Intravenous immunoglobulin (IVIG) administration provides an established treatment modality to reverse steroid resistant rejection and to suppress alloantibody formation in sensitized recipients. To analyze graft protective effects of IVIG induction therapy, we performed a prospective randomized study in 50 renal transplant recipients who were randomly assigned to receive 7x10g IVIG and 7x10g iv albumin infusions, respectively. Immunological tests were performed up to 3 years, and clinical follow-up data were analyzed up to 5 years posttransplant. IVIG induction therapy did not affect sCD30 and sIL1-RA levels. However, regulatory autoantibody levels were increased in IVIG patients on day 10 (IgG anti-Fab and anti-F(ab)2: p≤0.005; IgA anti-Fab, anti-F(ab)2 and anti-hinge: p<0.05). IVIG patients showed an enhanced monocyte IL-10 production early posttransplant (day 30: p=0.011, unstimulated; p=0.049, LPS), followed by downregulated monocyte activation (p=0.024, 4-month neopterin) and profoundly suppressed 1-year CD4 helper activity compared to non-IVIG patients (p=0.003; logistic regression: p=0.001).

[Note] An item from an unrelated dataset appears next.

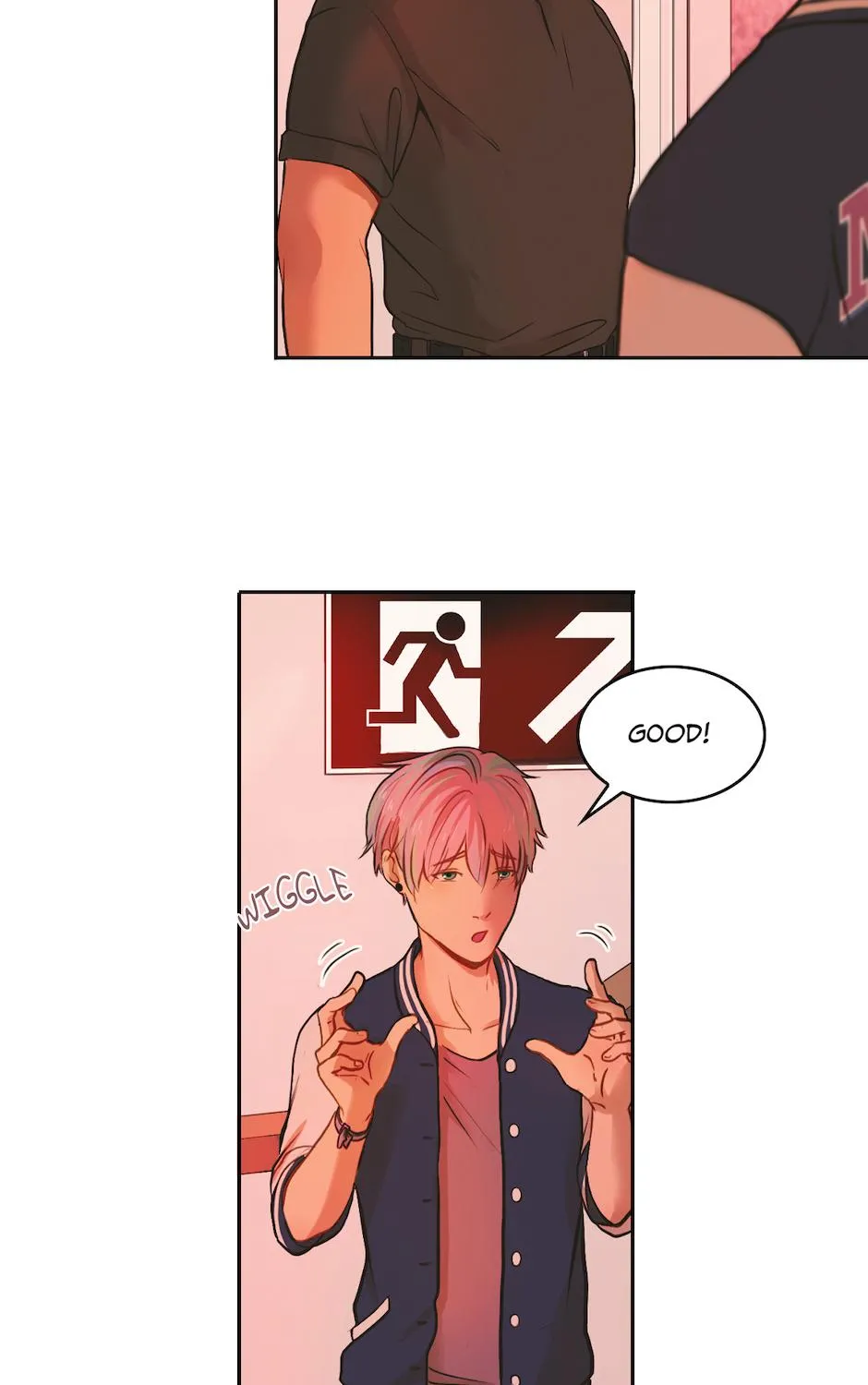 Love is Loading Chapter 5 page 63 -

However, between IVIG and non-IVIG patients no significant differences were found in 5-year patient and graft survival, graft function, incidence of acute rejections and chronic graft dysfunction. In non-IVIG patients, serum IgG and IgA levels were significantly decreased only within the first 20 days posttransplant compared to IVIG patients (p=0.001, IgG; p=0.039, IgA). The incidence of severe infectious disease, CMV viremia and CMV disease was not significantly different at any time point. Our data show that IVIG induction is associated with potentially graft protective immunological effects: increased regulatory autoantibody levels and upregulated monocyte IL-10 production early posttransplant, followed by downregulation of monocyte activation at 4 months and a profound decrease in CD4 helper activity at 1 year posttransplant. However, no improved clinical outcome (graft outcome; risk of infection) was found up to 5 years posttransplant in this cohort of immunologically low-risk patients. DISCLOSURES:Weimer, R.: Grant/Research Support, Astellas, Novartis.